For at least a fourth quarter in a row, Mittal’s Bharti Airtel Ltd. shored up its profits with one-time gains, masking headwinds posed by upstart Reliance Jio Infocomm Ltd. Jio’s roll-out, after its 2016 debut, has knocked Airtel from its perch in a consolidation that shrank the industry to three players from about a dozen four years ago.
Airtel is struggling to add subscribers in a saturated market after Jio managed to lure more than 300 million users over the past three years -- a quarter of the world’s second-largest market. The aggressive expansion of Jio with free calls and cheaper data, backed by the deep pockets of Asia’s richest man, was bad news for highly indebted incumbents engaged in a tariff war that had pushed call rates to less than a cent.
Shriveling earnings portend further trouble for Airtel. Already saddled with more than $17 billion of debt -- the highest among Asian peers -- it is also preparing to spend billions more on 5G airwaves at a government auction in coming months. Adding to its woes, Moody’s Investors Service cut its rating to junk earlier this year.

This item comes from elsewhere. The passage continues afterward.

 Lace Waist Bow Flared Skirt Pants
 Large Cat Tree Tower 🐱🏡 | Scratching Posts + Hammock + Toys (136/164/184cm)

The New Delhi-based company is counting on some asset sales, a rights issue and an initial public offering in London of its Africa unit to bolster its finances.
What Bloomberg Intelligence Says
“Airtel’s profit will suffer until Jio is ready to raise prices. It is hard to say when, but Jio may remain aggressive until it achieves the No. 1 spot in mobile revenue. In the meantime, Airtel is trying to weather through by preserving margin at the sacrifice of subscriber loss, divesting assets to ease debt burden, and raising equity to avoid a credit downgrade.”

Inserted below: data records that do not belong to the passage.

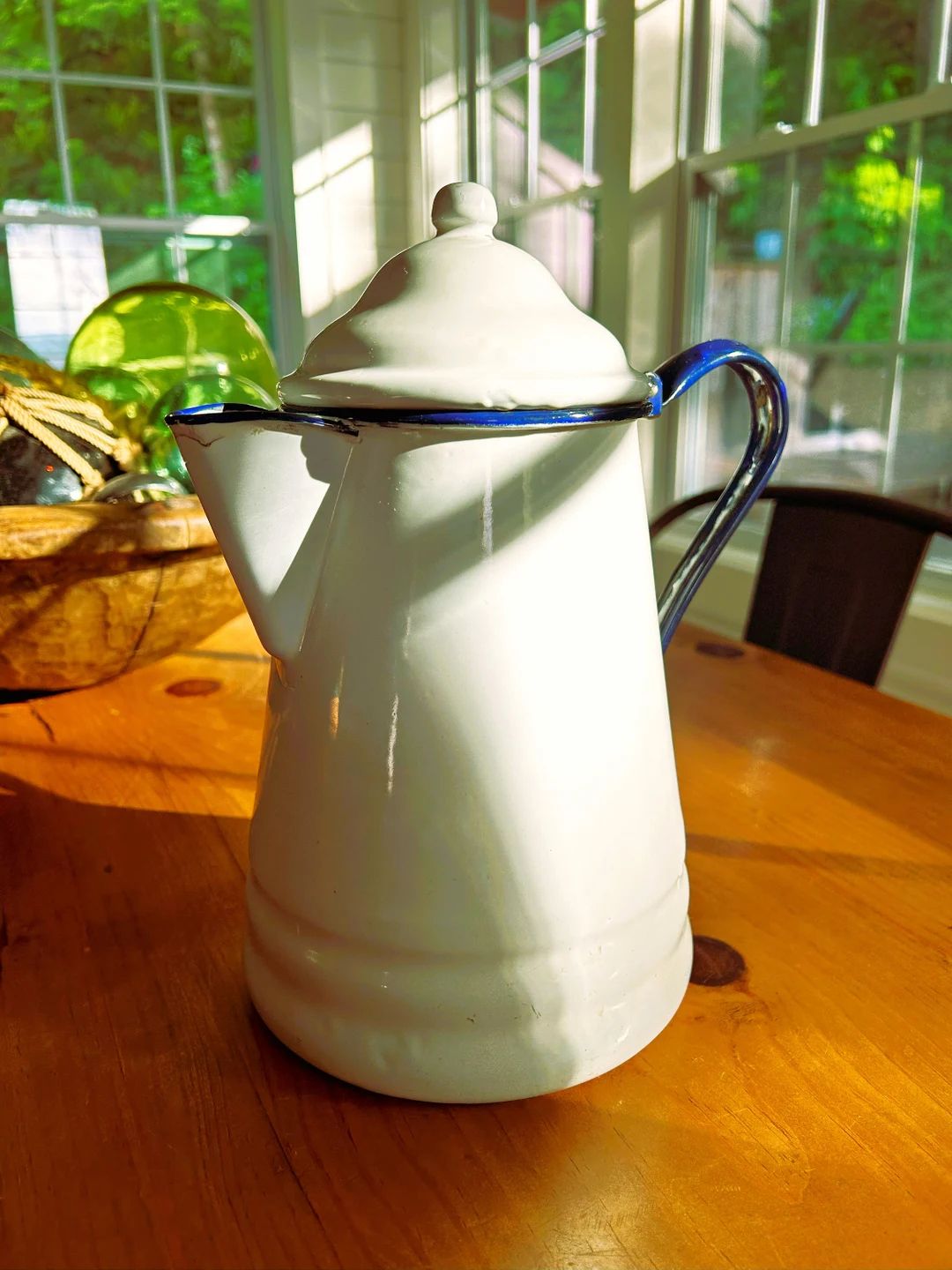 Vintage Large Enamelware White and Blue Coffee / Tea Pot.  Vintage Large White and Blue Enamel Ke... | Etsy (US)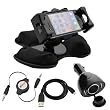 iKross Car Dashboard Mount Holder+ USB Car Charger + Micro Cable + 3.5mm AUX Cable for Samsung Galaxy S 2 II / SII / Captivate Glide / Repp / Galaxy SII SkyRocket / Epic Touch 4G / T989 Hercules / Google Galaxy Nexus / Galaxy Note N7000 Android Smartphone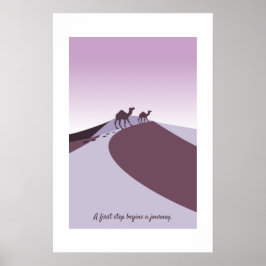 Póster Camellos Serenos Modernos Caminando por el Desiert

--Anthea Lai, telecom industry analyst
Airtel said in an exchange filing Monday that a one-time net gain of Rs 20.2 billion ($291 million) on account of a credit related to “re-assessment of levies” boosted its net income to Rs 1.1 billion for the quarter through March. Analysts had predicted a loss of Rs 9.66 billion.
Although revenue rose 6 per cent to Rs 206 billion in the period, data provided by the Telecom Regulatory Authority of India show Airtel added a net 53,493 subscribers in the first two months of the year, compared with Jio’s 17.1 million. While Airtel didn’t provide user addition data for the quarter, Jio reported an increase of 26.6 million.

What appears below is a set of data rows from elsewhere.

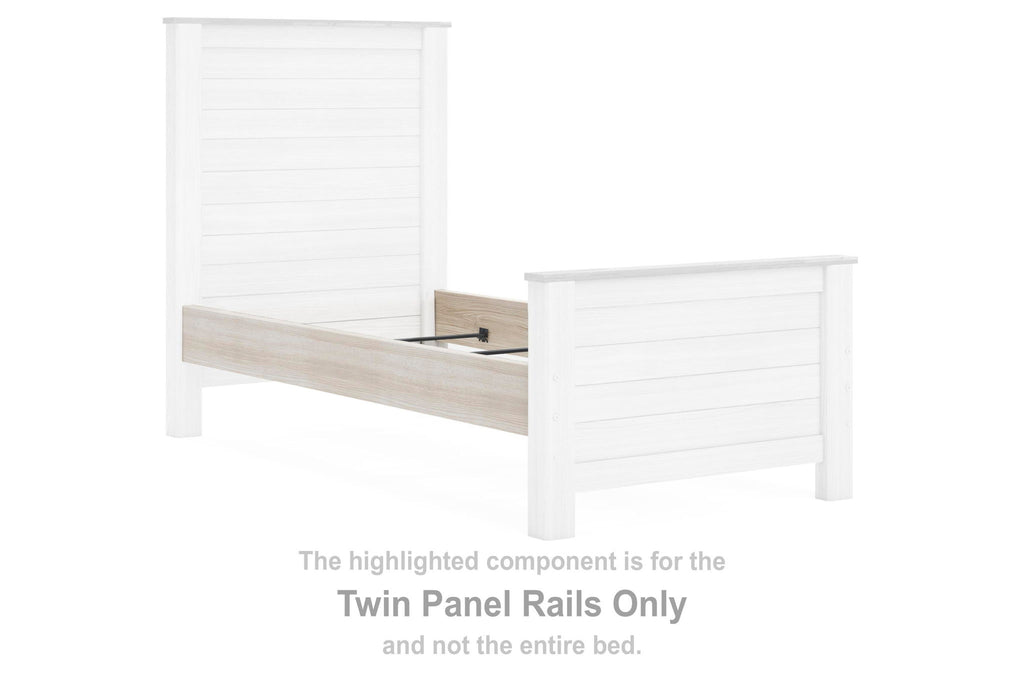 Twin panel bed rails, whitewash finish, with two decorative end panels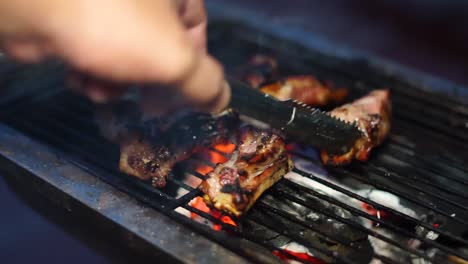 real time spareribs cooking on bbq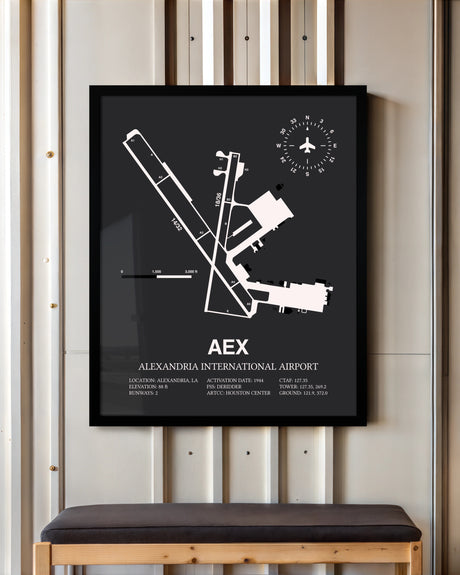 Frame color options for Alexandria International Airport Wall Art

Shares of Airtel have advanced 17 per cent this year, compared with a 7.6 percent gain in the benchmark S&P BSE Sensex index.
In an interview with BloombergQuint earlier this year at the World Economic Forum in Davos, Mittal described conditions in India’s hyper-competitive telecommunications market as “dreadful,” predicting a possible turning point this year. “This will be the year of perhaps hemorrhaging stopping,” he said.
Airtel slipped to No. 2 in the industry last year after Idea Cellular Ltd. and the local unit of Vodafone Group Plc closed their merger to become India’s largest operator by subscribers.
In February, Airtel unveiled plans to raise as much as Rs 320 billion for a war chest to take on Jio as well as to prepare for the 5G auction. Of that, Rs 250 billion will be from a rights issue due to close May 17 at Rs 220 per share, and the rest from the sale of perpetual bonds with equity credit. Vodafone Idea proposes to raise Rs 250 billion from a rights issue.